From out of the conflict one thing had been brought, and these brave men were desirous of bearing this back to Texas so that the great march should not be without one trophy, and like grim death they hung to the six-gun battery of twelve-pounders that they had captured at Val Verde, a short while before. They were to haul these cannon over the wilds safety had forced them to traverse. They were to push and pull them to the crest of hills to find that they could only be lowered with ropes to the depths below, and each hour of suffering and companionship with the mute and inanimate guns would add renewed purpose to save them, if their saving was to be compassed by human determination and indomitable will.

In this campaign Joseph D. Sayers came to the front. He was destined to play a distinguished part in the war, and later in the history of Texas.

When the battery was captured at Val Verde, young Sayers was not twenty-one years of age. His cheerfulness under trial, his valor and dauntless courage attracted the attention of the leaders, and he was designated by common consent captain of the battery which held so dear a place in the hearts of all who survived this expedition. He had enjoyed a brief season at a military school, but he was a born soldier. He was authorized to select the members for the battery and with them he clung to the guns with bulldog tenacity, and brought them safely through the dangers that ever loomed up on the homeward march.

Captain Sayers, while in command of the battery, was severely wounded at Bisland, Louisiana; and also at Mansfield, Louisiana, while serving on General Green’s staff with the rank of major. At General Green’s death the young officer crossed the Mississippi River with General Dick Taylor, upon whose staff he served until his surrender in Mississippi in April, 1865.

On every field and in every sphere he met the highest calls of a patriotic service and when paroled had won the commendation and admiration of those who fought with him. His war experiences fitted him for a splendid civil career. He became lieutenant governor, and later governor of Texas.

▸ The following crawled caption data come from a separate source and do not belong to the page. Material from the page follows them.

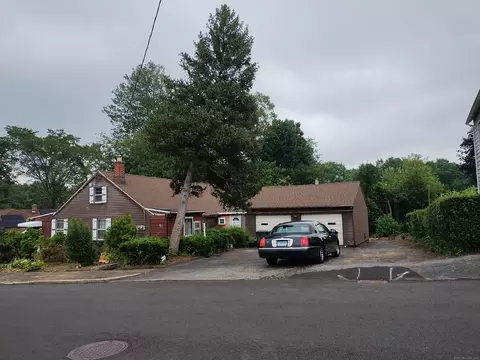 120 Wessels Ave, Bridgeport, CT 06610
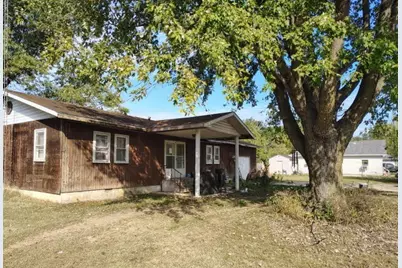 220 S Marion Street, Centralia, IL 62801 - Photo 2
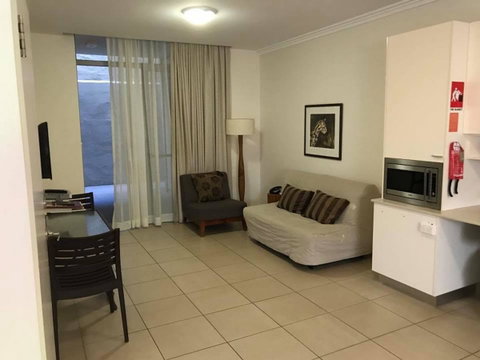 Byron Bay Hotel And Apartments - ACT Tourism 21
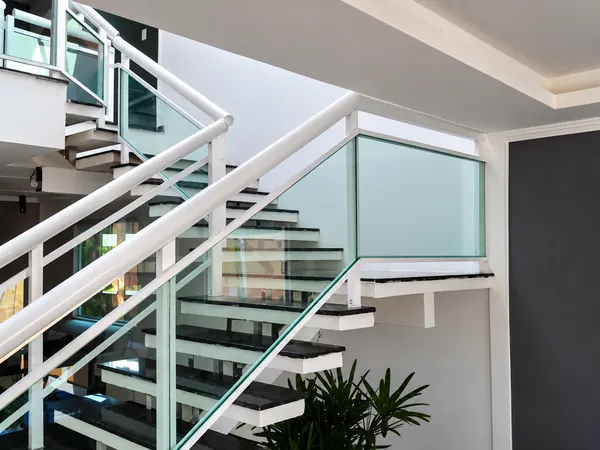 Escada com guarda-corpo de vidro instalado pela ARB Vidros
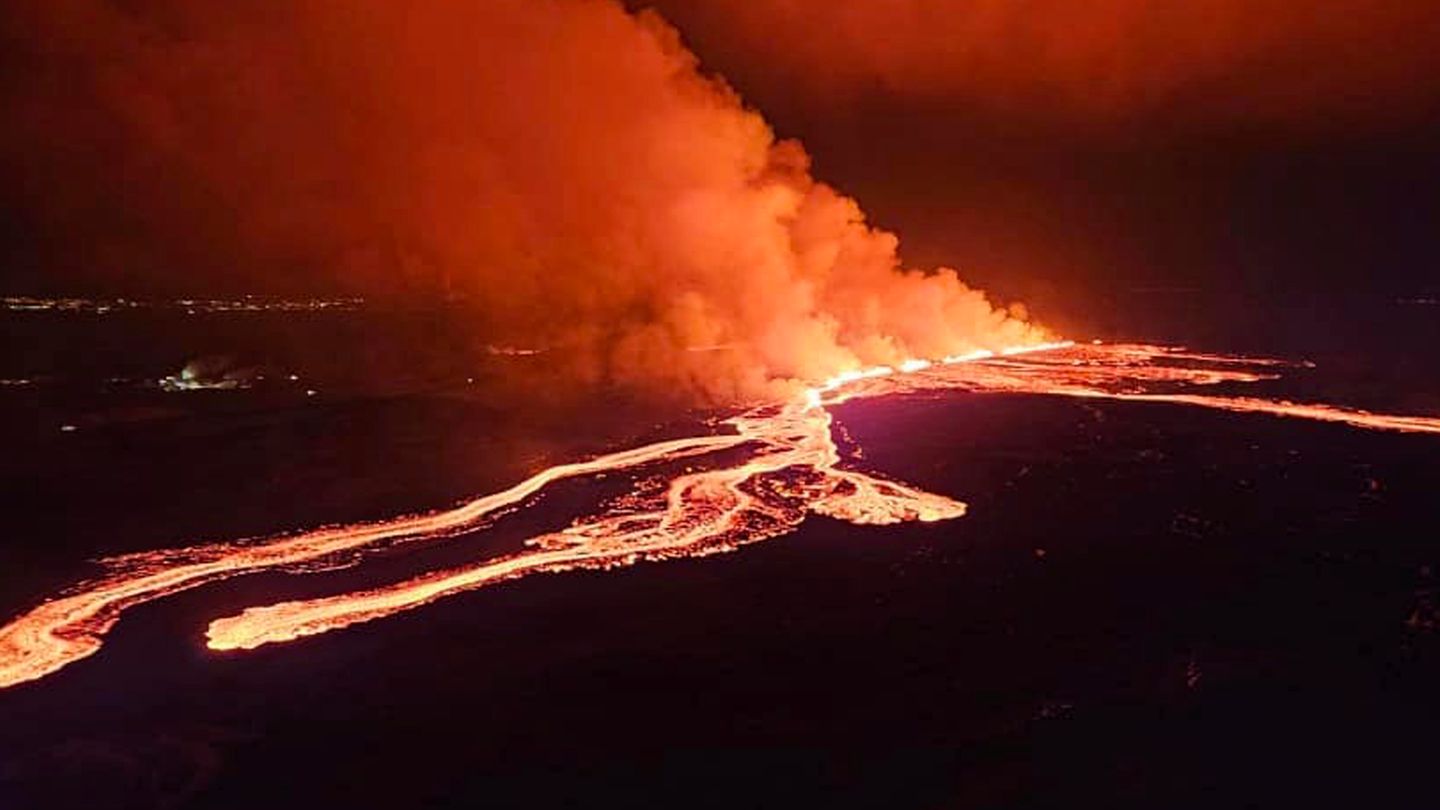 Eruption mit Spaltausbrüchen Vulkanausbruch auf Island im März 2024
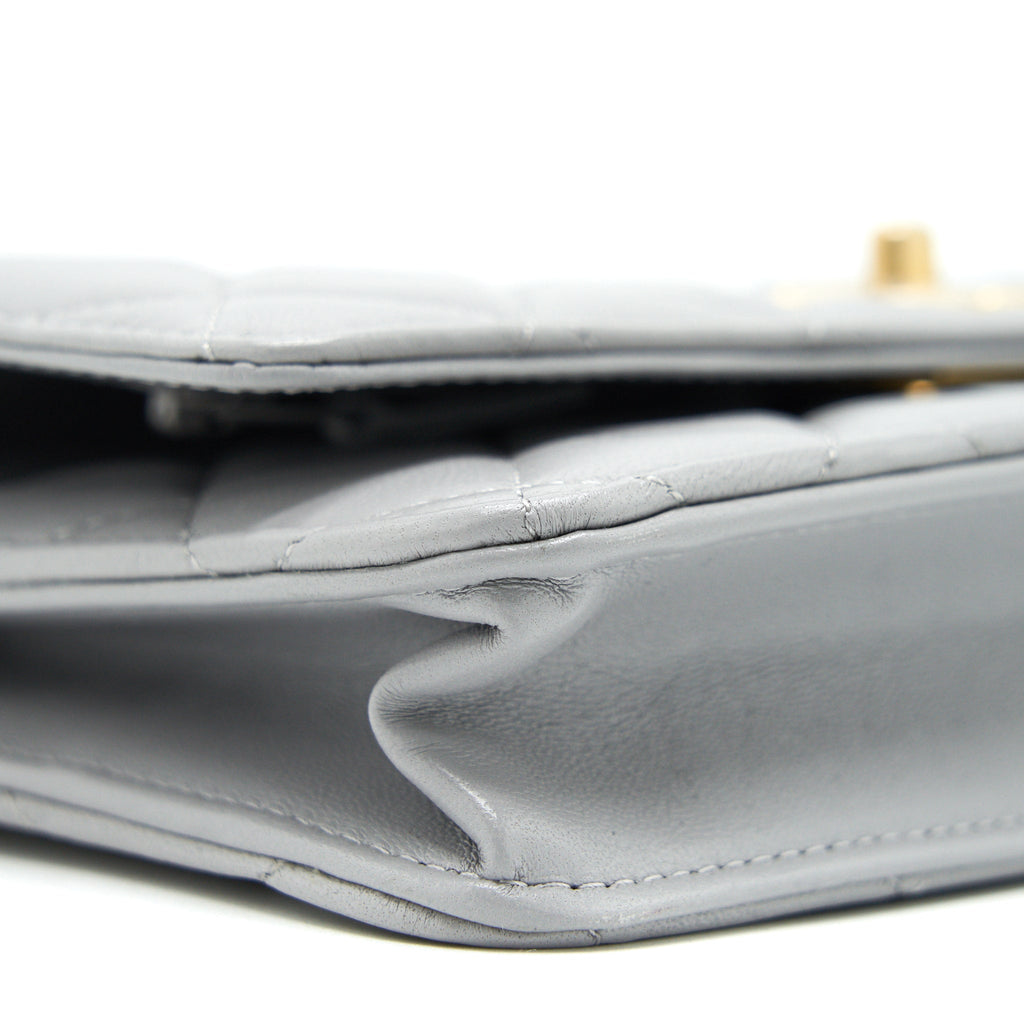 Chanel 21B Pearl Crush Wallet On Chain Grey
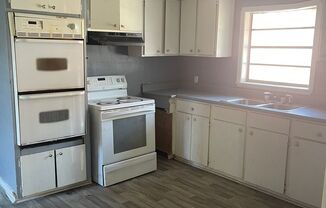 3 beds, 2 baths, $765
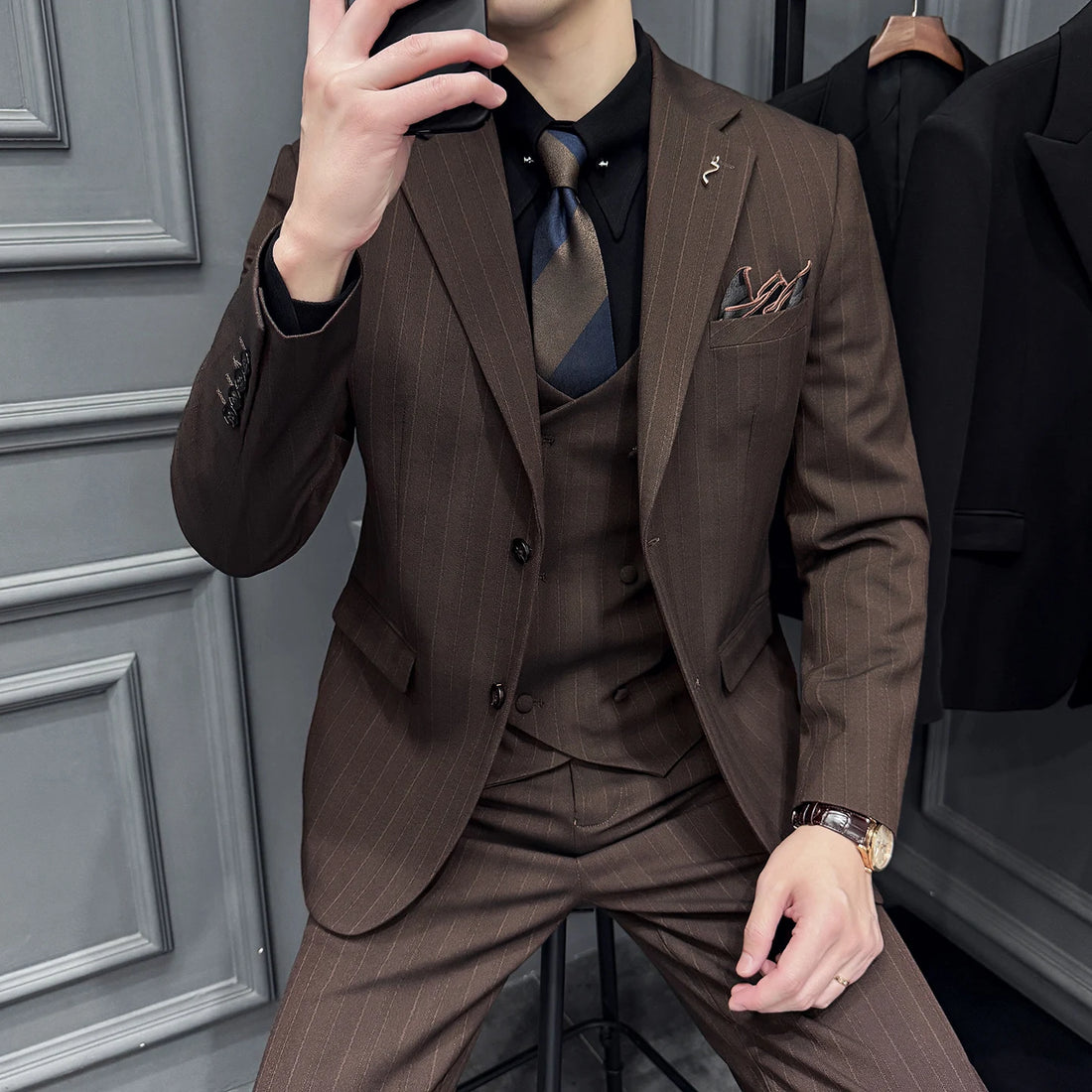 High-quality, fashionable, stylish, versatile and trendy casual business suit set, men's three-piece British business suit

He served fourteen years in Congress, and when he voluntarily retired, his associates in the House of Representatives passed a resolution declaring that his leaving Congress was a national rather than a party calamity. Amongst Confederates, his career in the trans-Mississippi, and later in the cis-Mississippi armies, gave him universal respect, and the good opinion of the great state of Texas was manifested in the bestowal of every honor to which he aspired.

He still lives, in 1914, at Austin, and there is no one who loves the South but that hopes for lengthened years to the hero of Val Verde.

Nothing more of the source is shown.